Bug 9291 - wrong XQueryX tests - double UTF-8 encoding
Summary: wrong XQueryX tests - double UTF-8 encoding
Status: RESOLVED FIXED
Alias: None
Product: XML Query Test Suite
Classification: Unclassified
Component: XML Query Test Suite (show other bugs)
Version: 1.0.2
Hardware: PC All
: P2 normal
Target Milestone: ---
Assignee: Andrew Eisenberg
QA Contact: Mailing list for public feedback on specs from XSL and XML Query WGs
URL: http://zorba-xquery.com
Whiteboard:
Keywords:
Depends on:
Blocks:
 
Reported: 2010-03-22 15:40 UTC by Daniel Turcanu
Modified: 2010-05-07 14:45 UTC (History)
0 users

See Also:


Attachments

Description Daniel Turcanu 2010-03-22 15:40:04 UTC
The XQueryX tests that contain unicode characters have those characters encoded as UTF-8 twice. That is, one non-ascii character gets encoded on 4 bytes instead of 2.

The failing tests are:
XQueryX/EncodeURIfunc/K-EncodeURIfunc-4
XQueryX/EscapeHTMLURIFunc/K-EscapeHTMLURIFunc-5
XQueryX/Functions/AllStringFunc/AssDisassStringFunc/StringToCodepointFunc/fn-string-to-codepoints1args-4
XQueryX/Functions/AllStringFunc/EscapingFuncs/EncodeURIfunc/fn-encode-for-uri1args-2
XQueryX/Functions/AllStringFunc/EscapingFuncs/EscapeHTMLURIFunc/fn-escape-html-uri1args-2
XQueryX/Functions/AllStringFunc/EscapingFuncs/IRIToURIfunc/fn-iri-to-uri1args-2
XQueryX/StringToCodepointFunc/K-StringToCodepointFunc-12
XQueryX/StringToCodepointFunc/K-StringToCodepointFunc-19
XQueryX/StringToCodepointFunc/K-StringToCodepointFunc-20
XQueryX/StringToCodepointFunc/K-StringToCodepointFunc-21

The testing was performed using Zorba XQuery 1.1.
Comment 1 Andrew Eisenberg 2010-03-24 20:57:42 UTC
Sorry, but I am not seeing the problem that you describe.

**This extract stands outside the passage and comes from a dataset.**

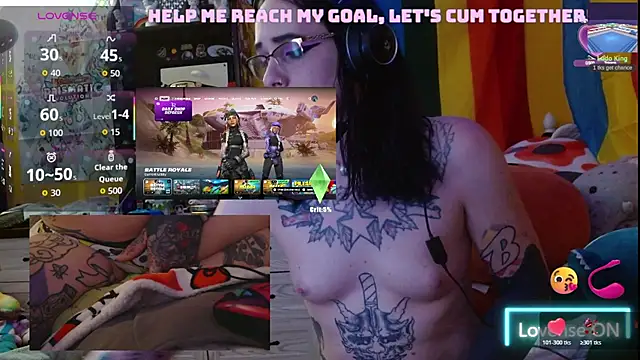 Snapshot of KylaRaven chatting on 05/15/26, 04:32 KylaRaven online show from 05/15/26, 04:32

I looked at the first test case you listed, K-EncodeURIfunc-4. The XQuery contains encode-for-URI("~bébé") ... I see the string literal as bytes 7E 62 C3 A9 62 C3 A9. The XQueryX that is generated is:

              <xqx:functionCallExpr>
                <xqx:functionName>encode-for-uri</xqx:functionName>
                <xqx:arguments>
                  <xqx:stringConstantExpr>
                    <xqx:value>~b&#233;b&#233;</xqx:value>
                  </xqx:stringConstantExpr>
                </xqx:arguments>
              </xqx:functionCallExpr>

The two-byte Unicode characters are being replaced by charRefs in the XQueryX that is generated.

Comment 2 Andrew Eisenberg 2010-05-03 22:04:12 UTC
Daniel, if I don't receive any further information from you, then I will have to close this bug report without making any changes.
Comment 3 Daniel Turcanu 2010-05-07 14:45:28 UTC
Ok, I just checked them all and they work fine. They must have been fixed in the latest XQTS.